*ENTRIES SHOWN*
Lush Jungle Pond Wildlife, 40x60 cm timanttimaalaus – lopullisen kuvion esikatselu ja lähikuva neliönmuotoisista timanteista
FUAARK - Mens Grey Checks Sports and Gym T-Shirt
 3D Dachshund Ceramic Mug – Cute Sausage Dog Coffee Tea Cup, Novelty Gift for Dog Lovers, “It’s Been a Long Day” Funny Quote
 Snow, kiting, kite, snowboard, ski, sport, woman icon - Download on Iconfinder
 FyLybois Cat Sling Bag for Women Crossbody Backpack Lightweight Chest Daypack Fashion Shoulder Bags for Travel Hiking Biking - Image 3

*PROBLEM*
From the first line of the data above through the line containing "3D Dachshund Ceramic", set each line down again exactly; include both ends and omit everything else.

*EXERCISE OUTPUT*
Lush Jungle Pond Wildlife, 40x60 cm timanttimaalaus – lopullisen kuvion esikatselu ja lähikuva neliönmuotoisista timanteista
FUAARK - Mens Grey Checks Sports and Gym T-Shirt
 3D Dachshund Ceramic Mug – Cute Sausage Dog Coffee Tea Cup, Novelty Gift for Dog Lovers, “It’s Been a Long Day” Funny Quote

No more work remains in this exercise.